Re: Improve pipe open? (redirect hook)

by oiskuu (Hermit)
on Apr 01, 2017 at 21:07 UTC ( [id://1186696]=note: print w/replies, xml ) Need Help??


in reply to Improve pipe open?

Perl could certainly use a hook triggering before exec(). Performing custom setup between fork() and exec() is essential for correct operation in many scenarios. For example: thread save calling an external command, Re^6: Capture::Tiny alternative.

So the IPC modules might use constructs like

{ local $SIG{__EXEC__} = \&_do_redirect; system ... }
But this would no doubt have other creative uses. Syntactic sugar to make things neat.
{ use redirect qw( 3>&1 1>&2 2>&3 3>&- ); open my $fh, ...; `another cmd`; }

ps. I'm not entirely sure if the hook ought to be post-fork or pre-exec.

Replies are listed 'Best First'.
Re^2: Improve pipe open? (redirect hook)
by afoken (Chancellor) on Apr 02, 2017 at 11:42 UTC

    I don't see a need for a hook between fork and exec hidden in system and open, and abusing %SIG for that hook makes it even worse. That hook introduces action-at-a-distance.

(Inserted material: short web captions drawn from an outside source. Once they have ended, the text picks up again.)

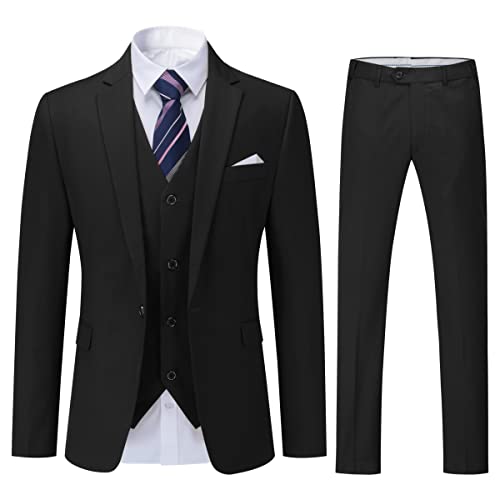 YOUTHUP Herren 3 Teilig Anzug Slim Fit Formell Anzüge 1 Knopf Herrenanzug für Business Hochzeit, Schwarz, L von YOUTHUP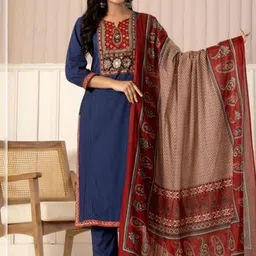 MILAAV Women Ethnic Motifs Embroidered Regular Thread Work Kurta with Trousers & With Dupatta image 2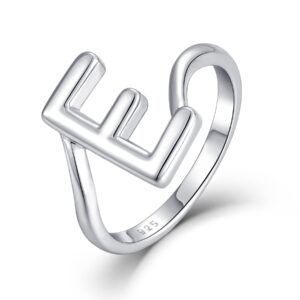 STARCHENIE Women's Initial E Ring Closed,Letter Ring for Women 925 Sterling Silver E Ring Size10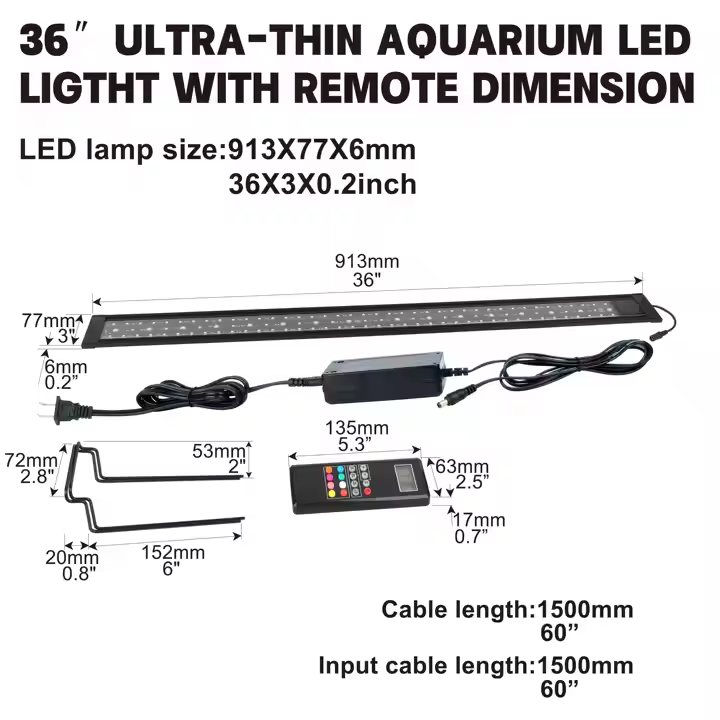 Heto 36" Aquarium Super Slim Led Aquarium Light for Aquarium Fish Tank Freshwater LED Light with Remote - Image 5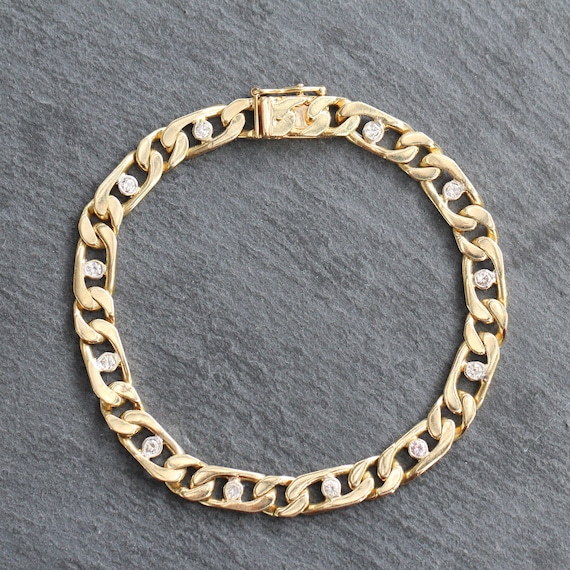 Unique HEAVY 18k Gold + Diamond Curb Link Chain B… - image 1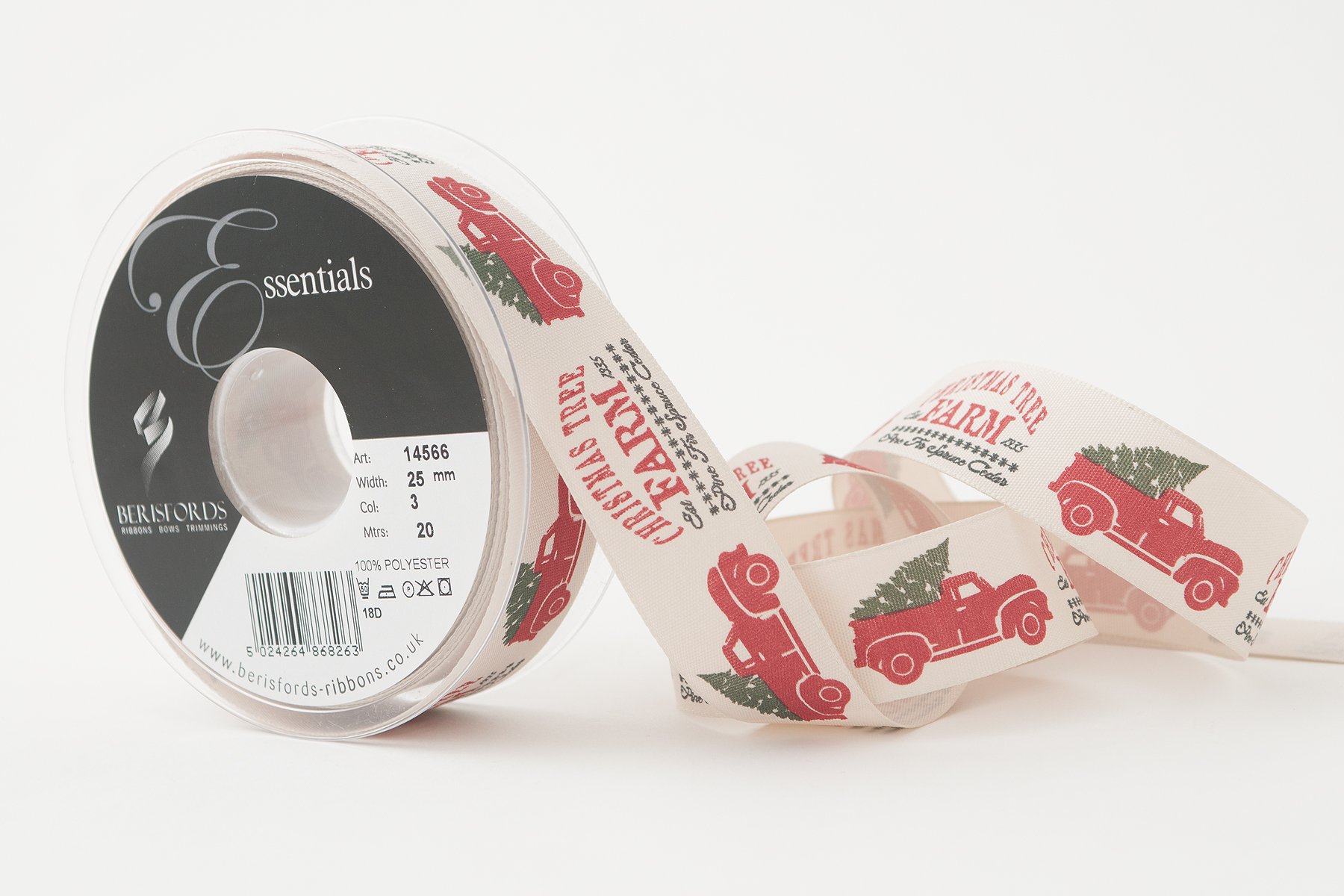 Berisfords Farm Truck Ribbon, Pumice, 25 mm
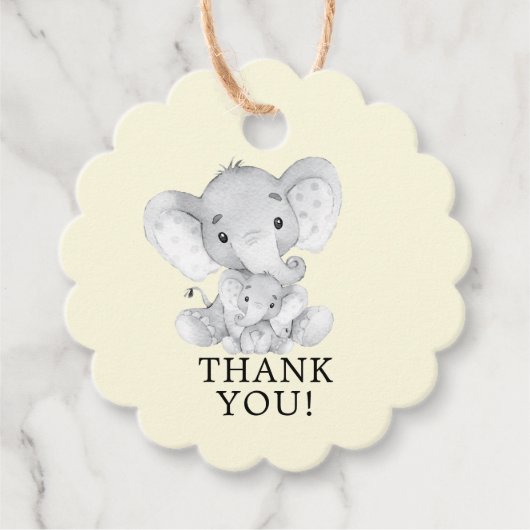 Sweet Elephant Baby shower Favor Gift Label (Voorkant)
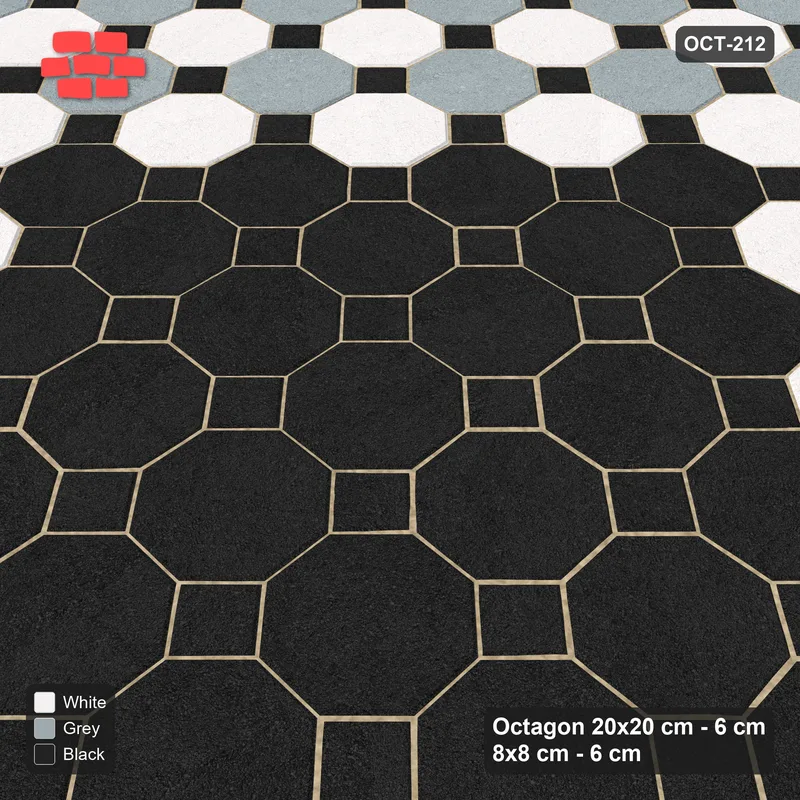 Interlock (Pasco) 20x20 cm · OCT-212 · Tuxedo Chequer with Centre Medallion with 8x8 Inserts · Side view Interlock (Pasco) 20x20 cm · OCT-212 · Tuxedo Chequer with Centre Medallion with 8x8 Inserts · Side view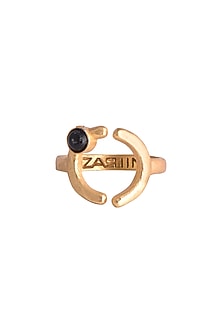 22Kt Gold Plated Black Onyx Adjustable Ring
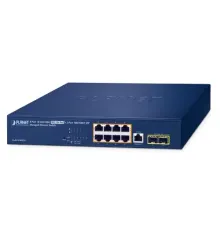 Yönetilebilir Ethernet Switch (Managed Ethernet Switch)<br>
8-Port 10/100/1000T 802.3bt PoE++ Injector Port (Port başına 60 watt) (PoE Güç Bütçesi maks. 180 Watt) (Port 1 ila 8 arası maksimum 95 watt)<br>
2-Port 100/1000X SFP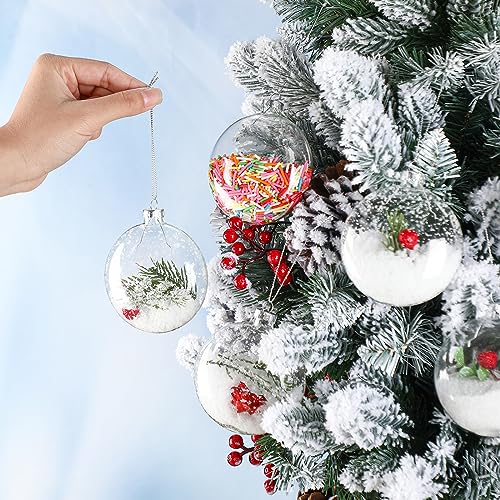 24 Clear Glass Christmas Ornaments - DIY Holiday Tree Decorations 3.15 Inch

    If you intend to make some stuff happen between fork and exec, write it explicitly:

    sub redirected_system { my @args=@_; my $pid=fork() // die "Can't fork: $!"; if ($pid) { # (parent) waitpid($pid,0); # plus whatever is needed to collect data from the child } else { # (child) # modify file handles as needed (redirection) # change UID, GID if needed # chdir if needed # chroot if needed exec { $args[0] } @args or die "exec failed: $!"; } }

    This is clean, readable, and has no action-at-a-distance. Of course, it is possible to use a generic function to allow changes to the child process without resorting to global variables:

    sub hooked_system(&@) { my ($hook,@args)=@; my $pid=fork() // die "Can't fork: $!"; if ($pid) { # (parent) waitpid($pid,0); # plus whatever is needed to collect data from the child } else { # (child) $hook->(); exec { $args[0] } @args or die "exec failed: $!"; } }

    I also don't see how a hook would solve the problem of perl invoking the default shell in case of three-argument pipe open or single-argument system. And please don't tell me that the hook code should start guessing how the single string should be splitted into a list of arguments. This is excactly what perl already does: It guesses, and if the string looks too complex to guess (see below), it delegates that to a random default shell. This is the cause of the trouble, not its solution.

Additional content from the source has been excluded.